On Mon, 20 Feb 2012 14:02:59 +0100
Vincent Lefevre <vincent@xxxxxxxxxx> wrote:
> foo() { emacs "$@"; d=`date`; echo "$d"; }
> and the following test under X (so that Emacs uses its own window,
> or you can try with another X application):
> 1. Run foo.
> 2. Type ^Z in the terminal.
> 3. Type: fg [Return].
> 4. Quit Emacs.
> 5. Type: echo "$d" [Return].
> With zsh, the whole function is suspended. The effect is that zsh is
> forked (this is not documented, though can be guessed), thus $d will
> not be set in the main shell (Step 5: nothing is displayed).

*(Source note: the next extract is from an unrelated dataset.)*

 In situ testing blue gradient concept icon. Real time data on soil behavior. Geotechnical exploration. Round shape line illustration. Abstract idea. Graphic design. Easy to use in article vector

Yes, this is long-standing behaviour that's never been described.  I've
tried to document it.

> BTW, concerning zsh, if the behavior is regarded as correct, a fork
> is still done even when the suspended command is the last one in the
> function, e.g.
>   foo() { emacs "$@"; }

There's certainly no good reason for trying to make a special case
here; it's complicated for very little gain.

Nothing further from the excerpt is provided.